I can tell you that the trigger gets pretty good, after you have been firing it for a while. Use the snap cap that came in the box with it, and do a lot of dry-fire with it, in double-action mode. It will strengthen your finger and smooth the trigger at the same time. Better still, shoot it a couple thousand times, if you can afford the ammo, or get the Kadet .22 conversion kit for about $300 and fire it a lot that way.


----------



## jimmy (Feb 3, 2009)

congratulations on your purchase..I have 2 CZ's based on the 75 platform..They aregreat shooters and dead accurate..Before you decide on a trigger job, try shooting them first, CZ 75 needs around 300 rd for breaki-n..But once you reach that stage you will then decide if you need a trigger job or not..

From my own experience, I am satisfied with the triggers as is after the 300 rd mark..Wait till you shoot the gun, and* mark my words:" *you will be amazingly satisfied"..


----------



## tink (Aug 8, 2008)

I would agree with Jimmy. Shot you new CZ with the factory trigger until you have 300-500 rounds through it. The trigger will get better with use, and your familiarity with your CZ will increase. I own a stock 75 B and have a 22 Kadet kit for it too. As of late I've been shooting the 22 kit exclusively. You'll like your CZ, they are reliable and very very accurate.

TINK


----------



## jimmy (Feb 3, 2009)

hey Tink..cool coco polo grips..I bougth the same one for my CZ's


----------



## up2orbit (May 3, 2009)

Wow Tink, that is a great lookin gun. How much did you pay for your 22 Kadet kit?...if you don't mind me asking...


----------



## DarrylS (Sep 10, 2008)

...Thank you all for the great advice and I will indeed shoot it before making decisions to do things to the trigger system. I also agree on Tink's CZ...That is one beautiful firearm...:smt119


----------



## jimmy (Feb 3, 2009)

Oh I am just tempted to post a picture of my CZs..Here you go The CZ Brothers:
Little brother is CZ 75 D PCR COMPACT and the big brother SP01 Tactical


----------



## andy999 (Dec 9, 2008)

beautifull grips ,where did you buy them??
I would like this style too


----------



## Dougsboy (Mar 20, 2009)

Tink or Jimmy, do either of you know if the Cocobolo grips are made to fit the 97b? I've seen Jimmy's CZ brothers and they are gorgeous. He's the one who turned me on to CZ's. Tink, yours is ever bit as good looking.


----------



## tekarra (May 16, 2007)

Don't know if I can add much to what has been said. I have been shooting cZ75s for over twenty years and they have replaced my other pistols. With regards to the Omega system, I have read both pro and con.


----------



## jimmy (Feb 3, 2009)

Dougsboy said:


> Tink or Jimmy, do either of you know if the Cocobolo grips are made to fit the 97b? I've seen Jimmy's CZ brothers and they are gorgeous. He's the one who turned me on to CZ's. Tink, yours is ever bit as good looking.

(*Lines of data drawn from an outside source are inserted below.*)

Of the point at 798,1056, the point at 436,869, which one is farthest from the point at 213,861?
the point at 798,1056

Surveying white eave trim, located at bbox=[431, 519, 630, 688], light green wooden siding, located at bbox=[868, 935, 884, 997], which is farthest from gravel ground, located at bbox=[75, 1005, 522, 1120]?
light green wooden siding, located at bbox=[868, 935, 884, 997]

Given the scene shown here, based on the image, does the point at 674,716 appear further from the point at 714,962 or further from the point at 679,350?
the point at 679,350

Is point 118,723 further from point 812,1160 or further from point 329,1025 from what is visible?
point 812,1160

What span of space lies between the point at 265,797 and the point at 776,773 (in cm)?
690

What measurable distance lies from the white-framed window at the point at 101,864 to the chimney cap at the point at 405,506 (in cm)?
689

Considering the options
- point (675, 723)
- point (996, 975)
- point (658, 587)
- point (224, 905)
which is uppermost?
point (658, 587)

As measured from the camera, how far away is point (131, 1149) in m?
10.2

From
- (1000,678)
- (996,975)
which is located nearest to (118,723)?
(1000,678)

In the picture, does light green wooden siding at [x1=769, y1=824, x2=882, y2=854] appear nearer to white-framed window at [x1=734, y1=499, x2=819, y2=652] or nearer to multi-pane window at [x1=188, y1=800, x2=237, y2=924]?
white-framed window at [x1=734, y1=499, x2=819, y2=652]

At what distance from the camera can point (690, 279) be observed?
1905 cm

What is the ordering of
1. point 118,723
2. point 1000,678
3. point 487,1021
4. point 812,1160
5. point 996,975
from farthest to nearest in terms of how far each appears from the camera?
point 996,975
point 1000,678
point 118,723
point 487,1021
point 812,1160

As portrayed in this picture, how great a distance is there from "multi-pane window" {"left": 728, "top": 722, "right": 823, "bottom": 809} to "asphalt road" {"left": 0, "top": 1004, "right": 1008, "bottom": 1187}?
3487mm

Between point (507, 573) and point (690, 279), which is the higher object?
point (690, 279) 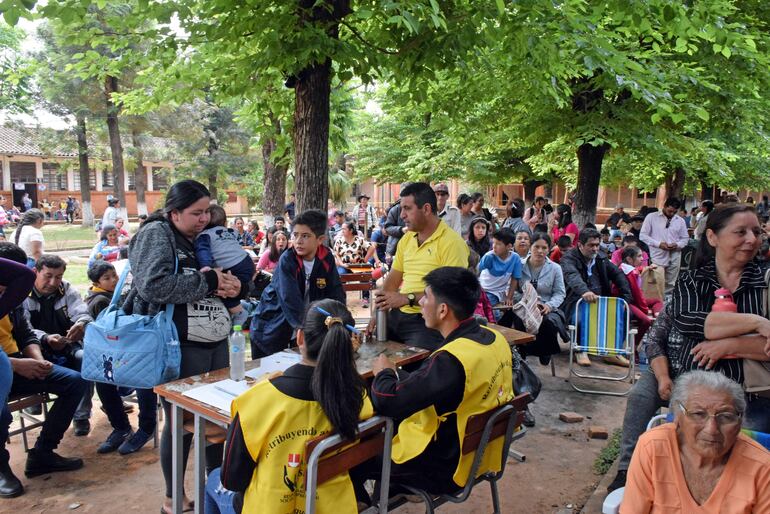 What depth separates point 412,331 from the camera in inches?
174

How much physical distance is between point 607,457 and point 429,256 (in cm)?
212

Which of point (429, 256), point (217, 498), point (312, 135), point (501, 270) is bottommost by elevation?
point (217, 498)

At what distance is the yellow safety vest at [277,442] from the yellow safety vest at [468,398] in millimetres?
558

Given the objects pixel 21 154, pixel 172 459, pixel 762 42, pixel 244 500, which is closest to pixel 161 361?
pixel 172 459

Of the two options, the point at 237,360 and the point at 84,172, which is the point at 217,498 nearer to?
the point at 237,360

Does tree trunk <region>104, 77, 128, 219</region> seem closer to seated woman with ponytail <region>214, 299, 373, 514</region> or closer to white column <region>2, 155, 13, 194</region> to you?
white column <region>2, 155, 13, 194</region>

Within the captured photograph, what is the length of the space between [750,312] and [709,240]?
43cm

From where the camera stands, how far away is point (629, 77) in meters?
5.74

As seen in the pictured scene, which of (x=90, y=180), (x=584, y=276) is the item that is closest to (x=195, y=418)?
(x=584, y=276)

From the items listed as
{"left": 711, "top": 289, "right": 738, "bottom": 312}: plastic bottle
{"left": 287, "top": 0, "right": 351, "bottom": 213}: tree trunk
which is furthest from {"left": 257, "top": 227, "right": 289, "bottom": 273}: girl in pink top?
{"left": 711, "top": 289, "right": 738, "bottom": 312}: plastic bottle

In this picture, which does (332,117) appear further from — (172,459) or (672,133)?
(672,133)

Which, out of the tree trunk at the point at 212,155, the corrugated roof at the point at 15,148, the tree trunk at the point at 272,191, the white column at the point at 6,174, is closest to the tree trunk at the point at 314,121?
the tree trunk at the point at 272,191

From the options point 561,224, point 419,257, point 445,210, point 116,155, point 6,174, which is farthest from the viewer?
point 6,174

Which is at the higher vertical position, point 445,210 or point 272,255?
point 445,210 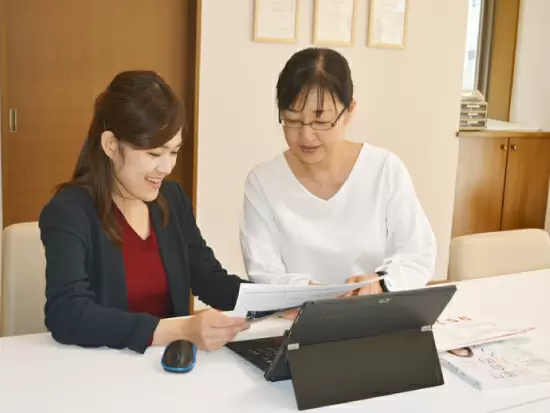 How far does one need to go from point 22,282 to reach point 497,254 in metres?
1.41

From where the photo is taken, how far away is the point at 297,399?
1156mm

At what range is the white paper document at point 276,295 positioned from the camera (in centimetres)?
120

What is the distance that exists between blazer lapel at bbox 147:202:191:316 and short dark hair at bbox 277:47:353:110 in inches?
16.9

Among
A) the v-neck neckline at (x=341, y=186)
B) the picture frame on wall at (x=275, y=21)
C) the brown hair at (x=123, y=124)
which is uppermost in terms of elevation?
the picture frame on wall at (x=275, y=21)

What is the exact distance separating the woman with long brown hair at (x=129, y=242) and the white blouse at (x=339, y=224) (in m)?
0.19

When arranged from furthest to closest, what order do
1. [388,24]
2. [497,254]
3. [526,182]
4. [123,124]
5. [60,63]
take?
[526,182] → [388,24] → [60,63] → [497,254] → [123,124]

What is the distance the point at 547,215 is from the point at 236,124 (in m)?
2.30

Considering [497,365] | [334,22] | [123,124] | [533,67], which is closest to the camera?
[497,365]

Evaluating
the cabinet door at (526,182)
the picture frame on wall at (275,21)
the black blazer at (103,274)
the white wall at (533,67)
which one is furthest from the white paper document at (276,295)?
the white wall at (533,67)

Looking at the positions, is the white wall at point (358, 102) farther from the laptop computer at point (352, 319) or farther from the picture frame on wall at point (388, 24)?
the laptop computer at point (352, 319)

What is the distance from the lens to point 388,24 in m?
3.58

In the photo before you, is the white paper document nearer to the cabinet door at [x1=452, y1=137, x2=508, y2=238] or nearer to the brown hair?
the brown hair

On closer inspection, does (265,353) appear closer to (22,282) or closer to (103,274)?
(103,274)

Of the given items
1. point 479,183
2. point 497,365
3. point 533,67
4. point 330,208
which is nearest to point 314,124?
point 330,208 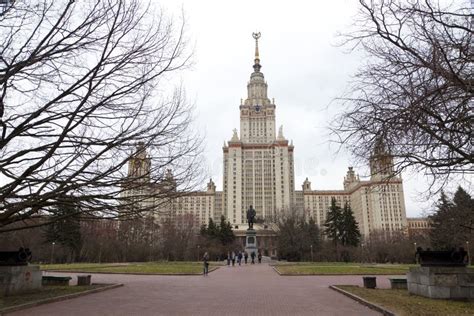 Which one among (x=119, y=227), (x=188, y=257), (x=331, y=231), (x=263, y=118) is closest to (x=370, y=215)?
(x=263, y=118)

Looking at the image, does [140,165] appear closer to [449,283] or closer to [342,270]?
[449,283]

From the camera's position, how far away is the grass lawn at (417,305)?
10.1 metres

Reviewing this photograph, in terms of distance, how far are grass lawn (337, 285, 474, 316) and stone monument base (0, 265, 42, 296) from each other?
42.2ft

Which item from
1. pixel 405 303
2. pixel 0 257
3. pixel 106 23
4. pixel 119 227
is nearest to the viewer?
pixel 106 23

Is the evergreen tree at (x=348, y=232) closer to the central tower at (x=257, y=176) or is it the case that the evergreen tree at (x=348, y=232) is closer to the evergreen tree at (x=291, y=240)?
the evergreen tree at (x=291, y=240)

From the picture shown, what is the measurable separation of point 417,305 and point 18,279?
1422 centimetres

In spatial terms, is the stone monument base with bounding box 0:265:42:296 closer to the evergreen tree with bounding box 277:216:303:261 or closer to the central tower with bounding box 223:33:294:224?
the evergreen tree with bounding box 277:216:303:261

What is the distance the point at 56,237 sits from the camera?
180 feet

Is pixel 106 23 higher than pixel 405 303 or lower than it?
higher

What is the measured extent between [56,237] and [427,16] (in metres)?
57.4

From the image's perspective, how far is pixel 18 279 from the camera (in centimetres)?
1496

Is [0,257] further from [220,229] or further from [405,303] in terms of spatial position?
[220,229]

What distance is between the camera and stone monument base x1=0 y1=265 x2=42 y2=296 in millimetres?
14461

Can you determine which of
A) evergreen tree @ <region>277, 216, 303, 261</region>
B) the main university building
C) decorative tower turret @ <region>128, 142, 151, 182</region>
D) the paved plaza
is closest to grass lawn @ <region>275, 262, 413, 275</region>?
the paved plaza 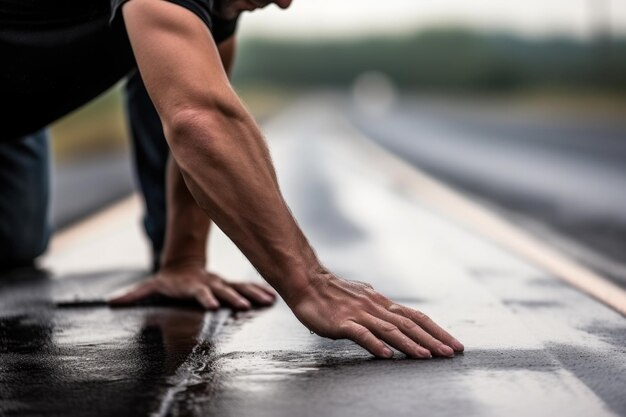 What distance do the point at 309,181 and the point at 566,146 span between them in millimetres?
9593

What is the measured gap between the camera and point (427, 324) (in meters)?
3.16

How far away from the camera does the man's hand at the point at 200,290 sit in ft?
13.9

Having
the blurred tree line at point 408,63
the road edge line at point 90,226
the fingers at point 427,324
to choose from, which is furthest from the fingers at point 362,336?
the blurred tree line at point 408,63

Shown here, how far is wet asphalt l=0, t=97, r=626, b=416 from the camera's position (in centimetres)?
269

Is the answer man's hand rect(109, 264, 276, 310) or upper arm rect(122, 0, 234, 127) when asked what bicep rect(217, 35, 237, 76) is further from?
upper arm rect(122, 0, 234, 127)

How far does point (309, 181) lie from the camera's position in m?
12.3

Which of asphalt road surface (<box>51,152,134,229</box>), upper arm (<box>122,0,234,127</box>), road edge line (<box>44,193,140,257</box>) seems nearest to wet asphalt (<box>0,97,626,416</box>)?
road edge line (<box>44,193,140,257</box>)

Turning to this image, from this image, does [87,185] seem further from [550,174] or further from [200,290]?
[200,290]

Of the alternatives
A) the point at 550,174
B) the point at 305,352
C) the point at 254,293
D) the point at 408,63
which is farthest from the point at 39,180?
the point at 408,63

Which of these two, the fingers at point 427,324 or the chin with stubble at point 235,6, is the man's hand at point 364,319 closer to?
the fingers at point 427,324

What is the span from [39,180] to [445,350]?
308 centimetres

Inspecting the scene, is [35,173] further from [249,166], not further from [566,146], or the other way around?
[566,146]

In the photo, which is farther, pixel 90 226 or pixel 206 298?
pixel 90 226

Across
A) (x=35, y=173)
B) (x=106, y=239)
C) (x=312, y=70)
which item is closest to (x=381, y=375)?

Hi Dougsboy, here is the link to the CZ Custom shop: 
http://czcustom.com/cz-grips.aspx

I am not sure if they have the coco polo grips for the CZ97..All the coco polo grips are advertised for CZ 75 and 85..There is on Aluminum grip for CZ 97..But you are better to call or email CZ Custom and ask them..They are very good in answering questions..


----------